The IRS must regulate fiscal sponsorship by clearly defining the parameters and standards of the practice. Fiscal sponsorship agreements should be treated as contracts that identify the fiscal sponsorship arrangement between sponsor and client, as well as provide evidence that the sponsoring organization will exercise discretion and control over its client. The IRS, through rulemaking, should require that any 501(c)(3) organization that engages in fiscal sponsorship file with its Form 990 copies of all of its written fiscal sponsorship arrangements. Additionally, the IRS should require that fiscal sponsors disclose in their 990s when the gross receipts of a sponsored project exceeds $50,000.

Cases like IHC and the Free Gaza Movement underscore the substantial lack of guidance regarding fiscal sponsorship.
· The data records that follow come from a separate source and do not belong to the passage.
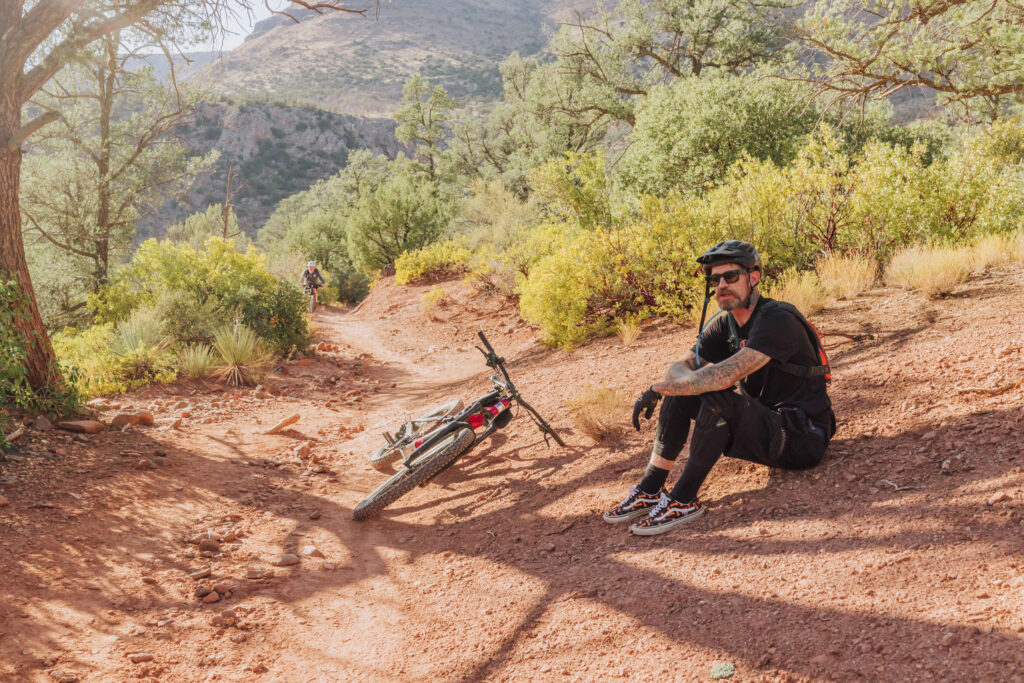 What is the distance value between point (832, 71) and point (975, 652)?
35.2ft

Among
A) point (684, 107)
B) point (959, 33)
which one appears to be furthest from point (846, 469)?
point (684, 107)

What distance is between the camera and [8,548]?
359 centimetres

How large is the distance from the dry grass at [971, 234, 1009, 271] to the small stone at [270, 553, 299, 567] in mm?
7397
Those gaps in oversight have exposed hundreds of charities to abuse and allowed substantial sums of donations – including federal government grants – to be mismanaged by unaccountable sponsors.

The IRS’s failure to properly oversee tax-exempt groups puts all projects that find themselves under an incompetent or disreputable fiscal sponsor at risk of losing funding and shutting down.

Dan Epstein is executive director of Cause of Action, a nonprofit, nonpartisan group that promotes government accountability and transparency. The group has filed a request with the IRS to develop rules and standards for tax-exempt fiscal sponsors.